A disputa comercial em torno das tarifas impostas pelo governo Trump ganhou um novo capítulo, agora no foro supremo do sistema jurídico norte-americano. Em 9 de setembro, a Suprema Corte decidiu analisar se o Presidente pode recorrer à IEEPA - International Emergency Economic Powers Act, de 1977, para impor tarifas generalizadas sobre importações. A controvérsia é técnica, mas seus desdobramentos são de relevância para empresas brasileiras que exportam aos Estados Unidos. Em jogo está a própria arquitetura do comércio internacional: até que ponto o Executivo norte-americano pode manejar tarifas unilaterais, sem respaldo específico do Congresso?
O pano de fundo ajuda a dimensionar o problema. As tarifas impostas sob a IEEPA são distintas de outros mecanismos já conhecidos, como a Seção 301, utilizada desde 2018 contra produtos chineses. Enquanto a 301 incide sobre origens e produtos determinados no código tarifário, a IEEPA foi usada para impor tarifas sobre praticamente todo o livro tarifário, sob o argumento de que emergências nacionais - como o combate ao fentanil ou o déficit comercial - justificariam medidas excepcionais.
Se validada pela Suprema Corte, a interpretação abriria espaço para que qualquer futura administração invoque emergências, de natureza econômica ou política, para alterar unilateralmente tarifas.
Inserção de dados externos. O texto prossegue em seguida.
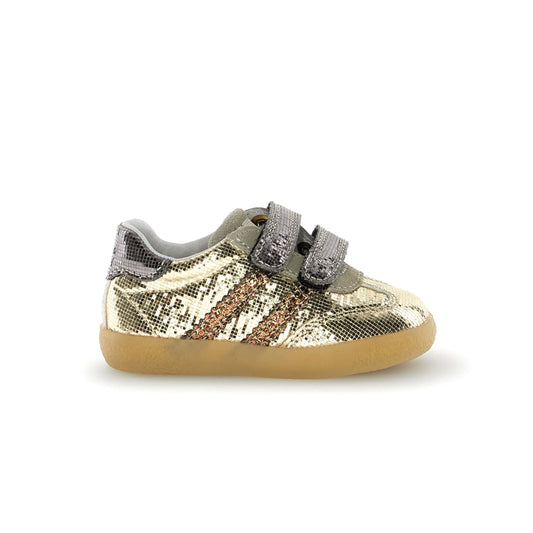 FALCOTTO VIMBY VL Mettallic craked Platinum Brown Chaussures Basses Baskets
A consequência seria o aumento da incerteza regulatória, desorganizando contratos e cadeias de suprimento globais.
O calendário processual é apertado. A administração norte-americana apresentou seu memorial em setembro. Os amicus curiae em apoio ao governo tiveram prazo até o dia 23/9. Já os estados e empresas que contestam as tarifas apresentarão suas respostas em outubro, seguidos por amicus até o dia 24/10. A audiência oral será na primeira semana de novembro e a decisão final deve sair ainda este ano. A IEEPA nunca havia sido usada para impor tarifas tão abrangentes. Ao reinterpretar o alcance de uma lei de 1977, a administração Trump inovou ao ponto de suscitar dúvidas sobre a constitucionalidade da delegação legislativa ao Executivo.
Nesse cenário, cabe observar também o papel da fiscalização aduaneira. O CBP - Customs and Border Protection intensificou seu “modo de enforcement”, aproveitando revisões tarifárias para exigir comprovações adicionais de origem ou de benefícios de acordos comerciais. Empresas têm relatado aumento de auditorias, pedidos de documentação e maior rigor em reembolsos de tarifas.
Para exportadores brasileiros, há o alerta. Setores que dependem de previsibilidade nos custos de acesso ao mercado norte-americano devem considerar três frentes de ação. A primeira é jurídica: acompanhar de perto o caso e avaliar a possibilidade de apresentar memoriais como amicus curiae, em conjunto com associações setoriais, para ilustrar os impactos sobre cadeias de valor integradas.
A segunda é de compliance. Documentação robusta sobre classificação tarifária, origem e preços torna-se indispensável em um ambiente de maior fiscalização. O CBP já aproveita brechas para validar informações e recuperar receitas.
A terceira é estratégica. Empresas precisam simular cenários de manutenção, aumento ou reversão das tarifas, ajustando contratos, incluindo cláusulas relacionadas ao resultado do caso e às projeções de margens. Além disso, a articulação institucional com associações empresariais norte-americanas será fundamental para influenciar o debate regulatório.
O tema também traz lições para o Brasil. A dependência de medidas unilaterais por parte de grandes parceiros comerciais reforça a necessidade de diversificação de mercados e de negociações que ampliem a segurança jurídica. Mais do que nunca, previsibilidade é ativo estratégico para quem investe e exporta.
A decisão da Suprema Corte poderá limitar o alcance de poder presidencial ou consolidar um poder quase ilimitado de manejar tarifas. Em ambos os casos, o recado é inequívoco: o direito do comércio internacional está em transformação acelerada, e os exportadores que melhor se prepararem juridicamente e institucionalmente terão vantagem competitiva.